But for coustom made shafts look at my "how to lenghten cvdīs" in this forum, i do give there a very easy solution for getting self made shafts with low costs.

So you could go in 2 ways, choose the one you prefer ;-)

good luck

vad
08-09-2005, 10:34 PM
I've also been thinking about doing a conversion on my hyper 7. One thing I can't figure out though, the spur is steel. From what I've read most people are using a plastic spur and a slipper. That seems ideal to me. I'd love to have the ease of brushless in this buggy.

Is it a good idea to go with the steel spur and no slipper?

Is there a way to get plastic spur and slipper in my buggy?


Muck,

In a hyper 7, the kyosho mp-7.7,777 diff is a direct drop in. If you can get the landmax plastic spurs then replace the steel center gear on the mp-7.5, 777 center diff and you are ready to roll. You might be able to get the plastic 44T gear from RC Mart . com. remove spaces.

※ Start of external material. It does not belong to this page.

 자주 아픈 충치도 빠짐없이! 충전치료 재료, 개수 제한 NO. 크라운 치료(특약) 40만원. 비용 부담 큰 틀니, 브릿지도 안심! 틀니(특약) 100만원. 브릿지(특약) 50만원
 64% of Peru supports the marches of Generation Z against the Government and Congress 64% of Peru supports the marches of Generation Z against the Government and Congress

You can also try mounting a fioroni solid center spool and mount any plastic gear from the mugen MRX or MTX series cars. Just remove the center section and drill holes to mount the gear to the center spool.

Re-Mix
08-09-2005, 11:37 PM
Ofna makes nylon spur gears for the mbx series. rc-monster.com has them listed for a real steal. Bolt on. A slipper is useless though, most people say it's not worth it in a 1/8th buggy.

Muck
08-10-2005, 02:17 AM
Lots of good possibilities, but it does make me wonder how bad the steel/steel combo would be. Is there a pinion gear that would hold up well?

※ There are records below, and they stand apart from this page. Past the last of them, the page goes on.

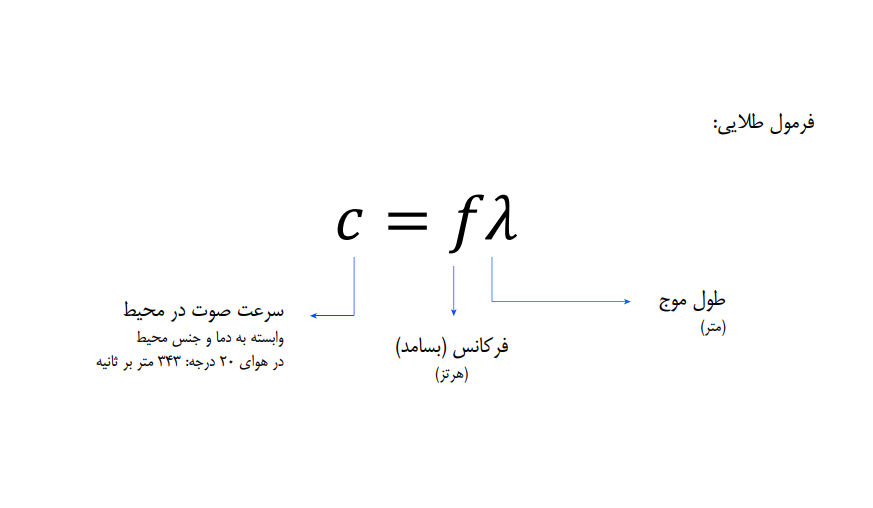 ساخت استودیوهای مسترینگ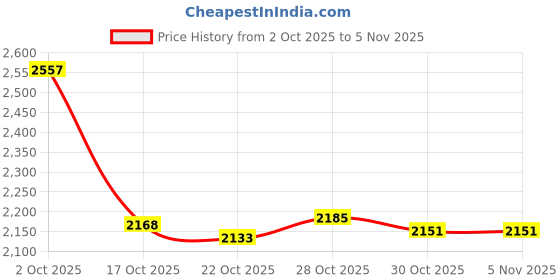 amazon.in ATORSE Badminton Net Only Folding Volleyball Net for Yard Outdoor Sports Beach Game 4.1m- Sporting Goods- Tennis & Racquet Sports- Badminton Price History Graph from 2 Oct 2025 to 4 Nov 2025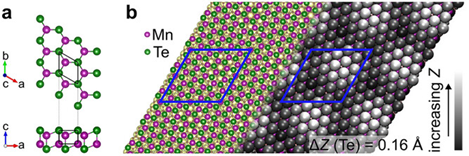 Catalan Institute of Nanoscience & Nanotechnology tweet media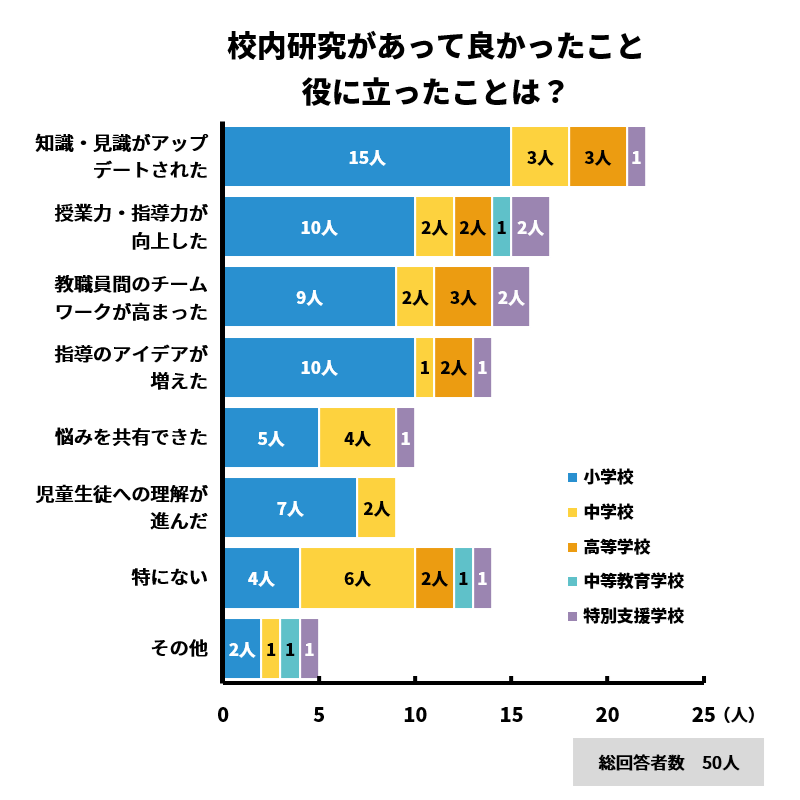 校内研究があって良かったことは、「知識・見識がアップデートされた」が最多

I think I will go with a minimum of a 4s lipo, but I'm really considering a 5s, 10L Fiago and I still haven't decided on a controller yet.

Mr. Constructor
08-10-2005, 03:56 AM
the problem on steel/steel pairing: lubrication is needed and due to the small thin main gear the gear acts more like a saw for the pinion, so the teeths will be grinded down very fast.
this cries for a very heavy tough steel pinion, wich is not available at the whole industrie (for a fair price off course) so a steel / delrin or plastic combo makes sense and is very cheap too.
(and due to the flexibility of the plastic the main gear could easily hold the power and is lightweight too)

these are the major reasons for plastic main gears another one for the self building people might be that it is easier to machine or work on as hardened steel !!

tcolesen
08-10-2005, 07:26 PM
Ofna makes nylon spur gears for the mbx series. rc-monster.com has them listed for a real steal. Bolt on. A slipper is useless though, most people say it's not worth it in a 1/8th buggy.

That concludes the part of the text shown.